**ABOUT THIS TASK**
Look through the data below for the line with "Lake Placid, New York USA" and the line with "Step in Fall.", then output those two and all lines in between, exactly as written.

**Extracted data entries**
▬▬▬▬▬▬

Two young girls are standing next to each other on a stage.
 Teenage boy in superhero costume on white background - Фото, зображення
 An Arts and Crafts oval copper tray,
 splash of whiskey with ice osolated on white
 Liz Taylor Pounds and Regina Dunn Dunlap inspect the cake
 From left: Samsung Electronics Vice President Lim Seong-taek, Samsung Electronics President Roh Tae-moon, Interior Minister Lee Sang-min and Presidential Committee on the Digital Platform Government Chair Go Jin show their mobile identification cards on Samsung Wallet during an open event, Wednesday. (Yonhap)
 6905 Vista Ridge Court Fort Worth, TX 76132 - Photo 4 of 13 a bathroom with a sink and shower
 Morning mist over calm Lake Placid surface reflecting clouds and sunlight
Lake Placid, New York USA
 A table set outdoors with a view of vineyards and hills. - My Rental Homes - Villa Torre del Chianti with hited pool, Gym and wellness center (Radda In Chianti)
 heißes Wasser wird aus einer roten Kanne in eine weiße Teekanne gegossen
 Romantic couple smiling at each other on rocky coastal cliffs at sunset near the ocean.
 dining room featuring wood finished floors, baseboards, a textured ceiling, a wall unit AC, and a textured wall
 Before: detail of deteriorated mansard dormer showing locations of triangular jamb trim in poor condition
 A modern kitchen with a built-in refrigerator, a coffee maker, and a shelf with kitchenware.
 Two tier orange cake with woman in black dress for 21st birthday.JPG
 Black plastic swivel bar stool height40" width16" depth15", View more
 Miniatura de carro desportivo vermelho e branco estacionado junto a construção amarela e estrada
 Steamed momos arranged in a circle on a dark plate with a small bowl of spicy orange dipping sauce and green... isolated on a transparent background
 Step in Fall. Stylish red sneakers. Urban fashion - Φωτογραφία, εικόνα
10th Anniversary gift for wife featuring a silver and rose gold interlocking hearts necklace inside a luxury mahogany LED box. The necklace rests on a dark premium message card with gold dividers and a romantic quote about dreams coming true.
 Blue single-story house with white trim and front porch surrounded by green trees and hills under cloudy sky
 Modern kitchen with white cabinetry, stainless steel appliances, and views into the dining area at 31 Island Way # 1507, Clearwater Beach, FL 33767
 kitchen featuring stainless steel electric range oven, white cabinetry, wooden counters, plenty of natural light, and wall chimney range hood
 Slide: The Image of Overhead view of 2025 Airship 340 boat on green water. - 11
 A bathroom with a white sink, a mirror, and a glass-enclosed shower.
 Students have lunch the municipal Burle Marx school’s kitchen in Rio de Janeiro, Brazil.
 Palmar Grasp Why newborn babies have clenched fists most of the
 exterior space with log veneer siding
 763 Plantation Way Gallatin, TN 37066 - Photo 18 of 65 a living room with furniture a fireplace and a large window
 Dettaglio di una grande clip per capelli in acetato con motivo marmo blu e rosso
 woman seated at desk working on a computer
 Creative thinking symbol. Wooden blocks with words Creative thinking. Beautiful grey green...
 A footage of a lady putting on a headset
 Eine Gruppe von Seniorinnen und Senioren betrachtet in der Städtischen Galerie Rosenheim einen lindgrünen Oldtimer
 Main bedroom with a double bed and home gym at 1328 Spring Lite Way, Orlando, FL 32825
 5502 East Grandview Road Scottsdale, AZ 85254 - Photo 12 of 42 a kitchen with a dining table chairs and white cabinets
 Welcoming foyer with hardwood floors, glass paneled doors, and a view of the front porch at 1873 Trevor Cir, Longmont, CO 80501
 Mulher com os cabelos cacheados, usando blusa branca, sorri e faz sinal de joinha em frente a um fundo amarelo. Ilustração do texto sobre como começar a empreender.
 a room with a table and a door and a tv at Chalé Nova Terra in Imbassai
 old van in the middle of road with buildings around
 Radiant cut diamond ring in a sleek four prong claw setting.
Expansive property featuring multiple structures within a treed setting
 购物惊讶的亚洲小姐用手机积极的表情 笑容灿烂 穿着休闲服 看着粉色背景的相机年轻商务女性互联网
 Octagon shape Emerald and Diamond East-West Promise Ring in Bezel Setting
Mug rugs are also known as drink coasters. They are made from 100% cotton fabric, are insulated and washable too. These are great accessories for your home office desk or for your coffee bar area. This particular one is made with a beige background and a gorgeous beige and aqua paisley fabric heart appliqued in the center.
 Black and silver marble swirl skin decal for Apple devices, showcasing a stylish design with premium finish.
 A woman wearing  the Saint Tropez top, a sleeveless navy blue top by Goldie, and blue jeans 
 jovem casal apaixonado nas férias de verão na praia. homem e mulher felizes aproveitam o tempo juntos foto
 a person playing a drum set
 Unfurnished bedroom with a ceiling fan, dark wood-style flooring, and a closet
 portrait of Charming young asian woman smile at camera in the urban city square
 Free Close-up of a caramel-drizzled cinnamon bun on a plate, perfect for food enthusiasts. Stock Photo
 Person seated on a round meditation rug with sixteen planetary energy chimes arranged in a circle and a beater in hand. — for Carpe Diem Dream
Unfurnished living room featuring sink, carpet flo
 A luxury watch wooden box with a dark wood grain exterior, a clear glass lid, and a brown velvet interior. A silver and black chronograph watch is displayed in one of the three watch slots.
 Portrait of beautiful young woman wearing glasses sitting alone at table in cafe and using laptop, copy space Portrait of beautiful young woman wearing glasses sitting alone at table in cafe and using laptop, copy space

▬▬▬▬▬▬

**YOUR RESPONSE**
Lake Placid, New York USA
 A table set outdoors with a view of vineyards and hills. - My Rental Homes - Villa Torre del Chianti with hited pool, Gym and wellness center (Radda In Chianti)
 heißes Wasser wird aus einer roten Kanne in eine weiße Teekanne gegossen
 Romantic couple smiling at each other on rocky coastal cliffs at sunset near the ocean.
 dining room featuring wood finished floors, baseboards, a textured ceiling, a wall unit AC, and a textured wall
 Before: detail of deteriorated mansard dormer showing locations of triangular jamb trim in poor condition
 A modern kitchen with a built-in refrigerator, a coffee maker, and a shelf with kitchenware.
 Two tier orange cake with woman in black dress for 21st birthday.JPG
 Black plastic swivel bar stool height40" width16" depth15", View more
 Miniatura de carro desportivo vermelho e branco estacionado junto a construção amarela e estrada
 Steamed momos arranged in a circle on a dark plate with a small bowl of spicy orange dipping sauce and green... isolated on a transparent background
 Step in Fall. Stylish red sneakers. Urban fashion - Φωτογραφία, εικόνα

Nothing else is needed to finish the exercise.